Initial dataset consisted of 600000 transactional data collected in 6 years (period 2014-2019), indicating date and time of sale, pharmaceutical drug brand name and sold quantity. As a result of the interviews with pharmacists, decision was made that the subject of analyses and forecasting will be actual drug categories, instead of the individual drugs. Thus, selected group of drugs (57 drugs) is classified to 8 Anatomical Therapeutic Chemical (ATC) Classification System categories:
- M01AB - Anti-inflammatory and antirheumatic products, non-steroids, Acetic acid derivatives and related substances
- M01AE - Anti-inflammatory and antirheumatic products, non-steroids, Propionic acid derivatives
- N02BA - Other analgesics and antipyretics, Salicylic acid and derivatives
- N02BE/B - Other analgesics and antipyretics, Pyrazolones and Anilides
- N05B - Psycholeptics drugs, Anxiolytic drugs
- N05C - Psycholeptics drugs, Hypnotics and sedatives drugs
- R03 - Drugs for obstructive airway diseases
- R06 - Antihistamines for systemic use
ATC codes features are added to the dataset, namely a model has been transformed as indicated on the image below and data was resampled to the hourly time-series.
To conclude, time-series analyses and forecasts have guided potentially useful conclusions and recommendations to the pharmacy. Daily, weekly and annual seasonality analysis were proven useful for identifying the periods in which special sales and marketing campaigns could be implemented, except for N05B and N05C categories of drugs which did not exhibit significant regularities. Forecasts have proven better than Naïve methods and in acceptable intervals for long-term planning. It is highly likely that the forecasts could be significantly improved by expanding the problem scope to multivariate time series forecasting and by including explanatory variables, such as:
- Weather data. Sales of antirheumatic drugs in M01AB and M01AE categories could be affected by the changes of atmospheric pressure. Sudden declines in all categories could be explained by extreme weather conditions, such as heavy rain, thunderstorms and blizzards.

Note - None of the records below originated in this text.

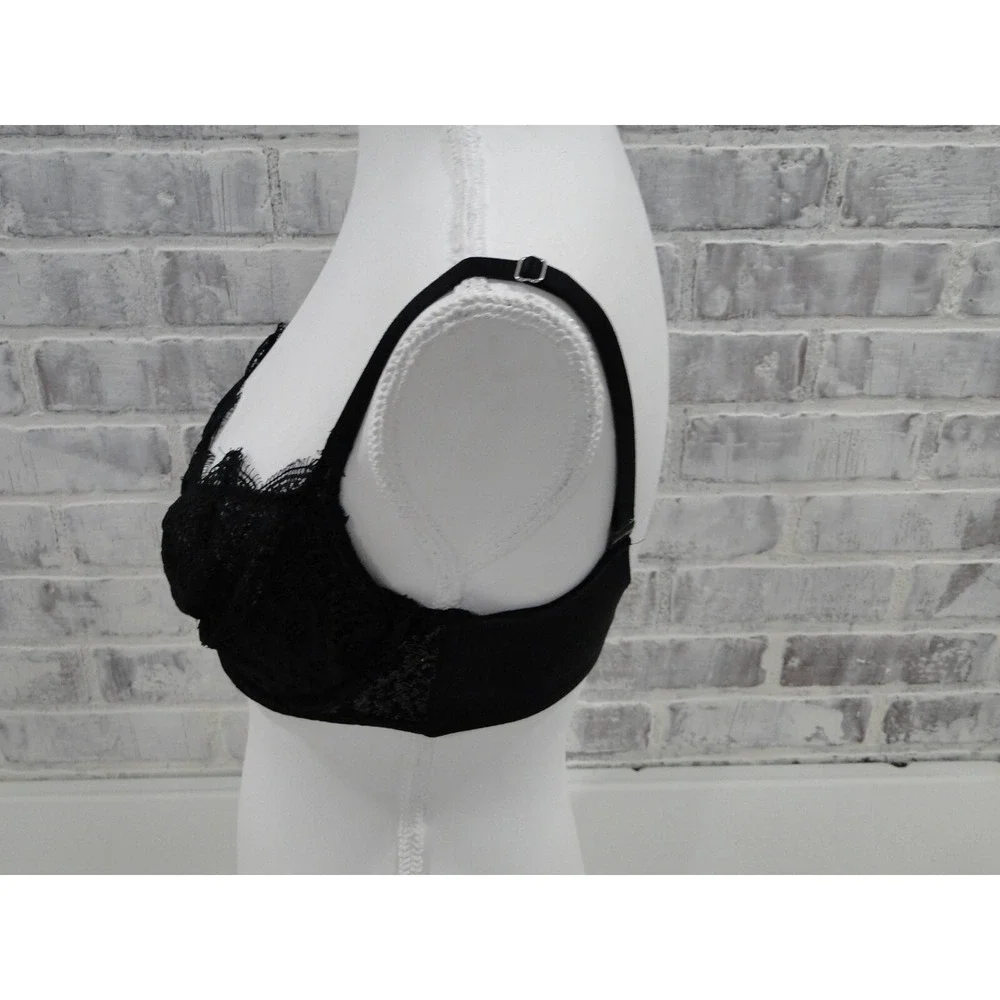 Victoria Secret Bra Dream Angels Push Up Without Padding 32DDD Black Lace Sequin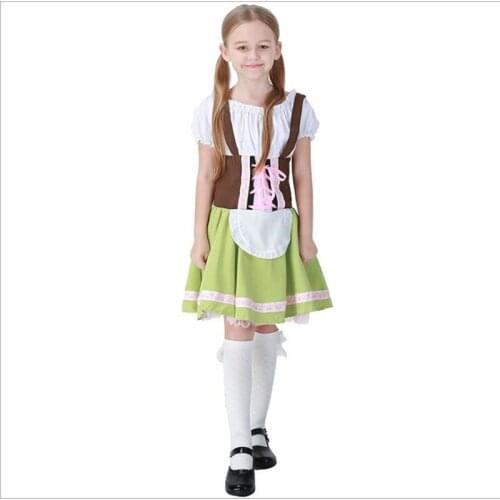 Cute Children Maid Costume Oktoberfest Party German Beer Girl Cosplay Fancy Halloween Party Costume Dress S-XL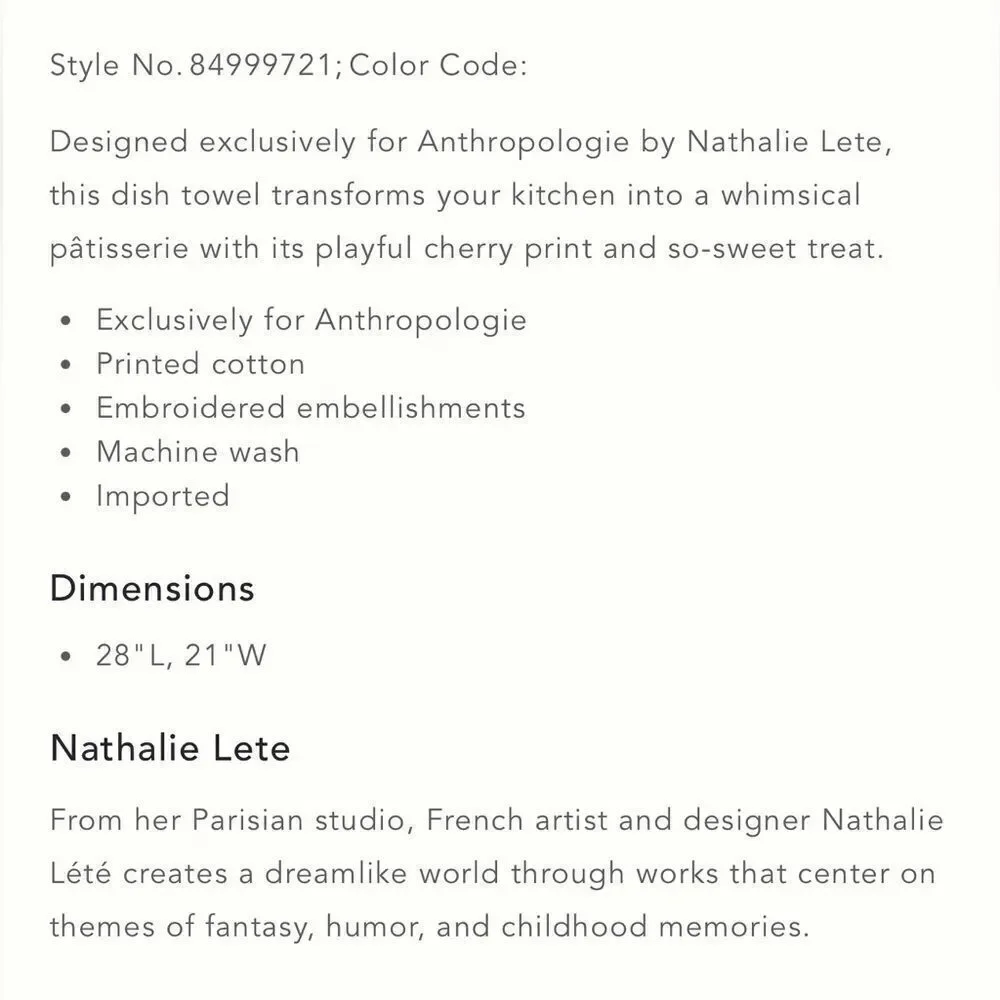 Nathalie Lete x Anthro La Patisserie Yummi Cherry Cupcake Print Dish Towel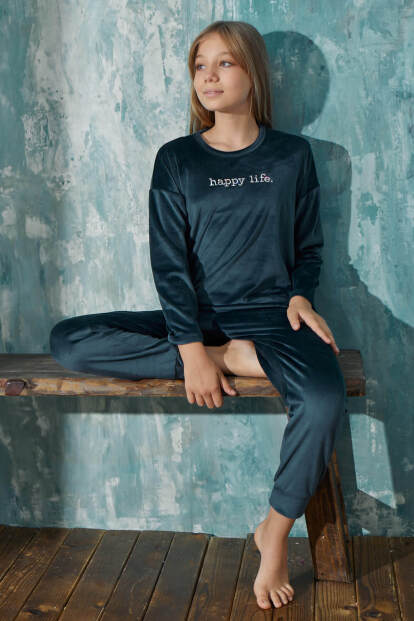 Petrol Happy Life Desenli Exclusive Kadife Kız Çocuk Pijama Takımı  - Pijamaevi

- Price of the drugs. Sales spikes may be explained by the discounts, applied in a short term. Introducing this feature may facilitate what-if forecasting analysis of sales performance during marketing campaigns involving price reductions.
- Dates of the pension payoff. Sales spikes are visible at the dates of state pensions payoff.
- National holidays, as non-working days with seasonal patterns similar to Sundays are expected to disrupt daily sales.